* _Problem requirements_: Every line from the start of the records below to the line containing "Graphic shows hand" should be retyped exactly, that line included, and no others.

[Task material — start]

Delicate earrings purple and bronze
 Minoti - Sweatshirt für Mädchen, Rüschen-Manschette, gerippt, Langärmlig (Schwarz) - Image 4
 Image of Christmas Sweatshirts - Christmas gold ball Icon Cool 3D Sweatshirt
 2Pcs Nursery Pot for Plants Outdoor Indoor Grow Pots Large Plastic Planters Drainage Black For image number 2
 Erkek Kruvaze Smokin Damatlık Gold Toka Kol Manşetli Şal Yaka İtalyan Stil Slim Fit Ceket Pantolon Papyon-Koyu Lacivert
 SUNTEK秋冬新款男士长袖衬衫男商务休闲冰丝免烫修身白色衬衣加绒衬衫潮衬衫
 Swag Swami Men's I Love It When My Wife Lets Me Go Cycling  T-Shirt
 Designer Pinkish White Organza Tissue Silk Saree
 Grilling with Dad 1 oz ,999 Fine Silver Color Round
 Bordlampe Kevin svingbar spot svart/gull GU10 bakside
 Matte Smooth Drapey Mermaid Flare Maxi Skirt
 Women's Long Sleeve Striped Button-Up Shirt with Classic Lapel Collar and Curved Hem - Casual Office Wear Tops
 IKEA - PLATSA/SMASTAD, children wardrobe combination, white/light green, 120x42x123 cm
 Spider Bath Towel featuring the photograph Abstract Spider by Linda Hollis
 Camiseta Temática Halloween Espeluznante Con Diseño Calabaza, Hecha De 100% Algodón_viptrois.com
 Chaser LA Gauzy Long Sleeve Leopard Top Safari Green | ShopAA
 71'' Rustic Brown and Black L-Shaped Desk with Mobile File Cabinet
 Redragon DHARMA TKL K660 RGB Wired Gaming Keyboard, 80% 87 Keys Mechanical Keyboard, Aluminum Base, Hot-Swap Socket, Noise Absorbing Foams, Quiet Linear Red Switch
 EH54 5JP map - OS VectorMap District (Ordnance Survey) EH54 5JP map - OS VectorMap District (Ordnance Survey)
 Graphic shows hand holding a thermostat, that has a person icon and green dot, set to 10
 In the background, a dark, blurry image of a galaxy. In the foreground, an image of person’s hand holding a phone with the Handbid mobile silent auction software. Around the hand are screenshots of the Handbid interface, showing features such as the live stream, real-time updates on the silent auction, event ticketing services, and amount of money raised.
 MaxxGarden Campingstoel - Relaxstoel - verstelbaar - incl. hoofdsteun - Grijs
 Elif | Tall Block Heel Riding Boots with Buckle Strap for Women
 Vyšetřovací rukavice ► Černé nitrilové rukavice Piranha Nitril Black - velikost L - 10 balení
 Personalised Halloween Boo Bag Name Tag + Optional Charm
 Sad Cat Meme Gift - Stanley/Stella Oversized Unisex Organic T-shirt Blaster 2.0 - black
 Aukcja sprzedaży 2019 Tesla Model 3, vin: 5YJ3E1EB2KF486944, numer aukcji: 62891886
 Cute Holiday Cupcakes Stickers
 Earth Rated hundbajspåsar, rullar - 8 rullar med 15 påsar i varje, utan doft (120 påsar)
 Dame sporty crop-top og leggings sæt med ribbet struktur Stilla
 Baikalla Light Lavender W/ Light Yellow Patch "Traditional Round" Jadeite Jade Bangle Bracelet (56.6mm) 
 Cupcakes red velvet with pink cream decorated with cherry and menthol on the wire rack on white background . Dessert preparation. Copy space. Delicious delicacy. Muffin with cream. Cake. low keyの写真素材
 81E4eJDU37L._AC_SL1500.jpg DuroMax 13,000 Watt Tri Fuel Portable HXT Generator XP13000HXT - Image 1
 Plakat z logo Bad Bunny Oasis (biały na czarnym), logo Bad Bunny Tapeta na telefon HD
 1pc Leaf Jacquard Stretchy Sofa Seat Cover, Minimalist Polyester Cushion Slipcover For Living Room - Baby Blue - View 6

[Task material — finish]

* _Result below_:
Delicate earrings purple and bronze
 Minoti - Sweatshirt für Mädchen, Rüschen-Manschette, gerippt, Langärmlig (Schwarz) - Image 4
 Image of Christmas Sweatshirts - Christmas gold ball Icon Cool 3D Sweatshirt
 2Pcs Nursery Pot for Plants Outdoor Indoor Grow Pots Large Plastic Planters Drainage Black For image number 2
 Erkek Kruvaze Smokin Damatlık Gold Toka Kol Manşetli Şal Yaka İtalyan Stil Slim Fit Ceket Pantolon Papyon-Koyu Lacivert
 SUNTEK秋冬新款男士长袖衬衫男商务休闲冰丝免烫修身白色衬衣加绒衬衫潮衬衫
 Swag Swami Men's I Love It When My Wife Lets Me Go Cycling  T-Shirt
 Designer Pinkish White Organza Tissue Silk Saree
 Grilling with Dad 1 oz ,999 Fine Silver Color Round
 Bordlampe Kevin svingbar spot svart/gull GU10 bakside
 Matte Smooth Drapey Mermaid Flare Maxi Skirt
 Women's Long Sleeve Striped Button-Up Shirt with Classic Lapel Collar and Curved Hem - Casual Office Wear Tops
 IKEA - PLATSA/SMASTAD, children wardrobe combination, white/light green, 120x42x123 cm
 Spider Bath Towel featuring the photograph Abstract Spider by Linda Hollis
 Camiseta Temática Halloween Espeluznante Con Diseño Calabaza, Hecha De 100% Algodón_viptrois.com
 Chaser LA Gauzy Long Sleeve Leopard Top Safari Green | ShopAA
 71'' Rustic Brown and Black L-Shaped Desk with Mobile File Cabinet
 Redragon DHARMA TKL K660 RGB Wired Gaming Keyboard, 80% 87 Keys Mechanical Keyboard, Aluminum Base, Hot-Swap Socket, Noise Absorbing Foams, Quiet Linear Red Switch
 EH54 5JP map - OS VectorMap District (Ordnance Survey) EH54 5JP map - OS VectorMap District (Ordnance Survey)
 Graphic shows hand holding a thermostat, that has a person icon and green dot, set to 10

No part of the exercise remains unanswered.